- **EXERCISE REQUIREMENTS**: With the records as your source, report how many lines contain "image". Add no other words.

- Opening Delimiter -

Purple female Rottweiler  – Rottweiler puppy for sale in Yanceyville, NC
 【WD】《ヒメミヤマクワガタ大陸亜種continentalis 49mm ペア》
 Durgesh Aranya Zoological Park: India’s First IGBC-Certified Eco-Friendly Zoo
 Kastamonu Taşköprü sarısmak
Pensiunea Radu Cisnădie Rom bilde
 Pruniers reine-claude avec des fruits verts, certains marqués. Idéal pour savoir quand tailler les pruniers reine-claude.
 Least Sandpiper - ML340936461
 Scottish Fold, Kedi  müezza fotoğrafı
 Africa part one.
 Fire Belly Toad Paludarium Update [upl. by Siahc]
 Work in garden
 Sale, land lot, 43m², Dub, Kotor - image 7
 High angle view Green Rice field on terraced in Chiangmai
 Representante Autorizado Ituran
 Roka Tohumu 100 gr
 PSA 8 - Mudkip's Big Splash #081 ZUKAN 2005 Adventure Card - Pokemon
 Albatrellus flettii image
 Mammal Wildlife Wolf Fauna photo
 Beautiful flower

- Closing Delimiter -

- **TASK RESULT**: 2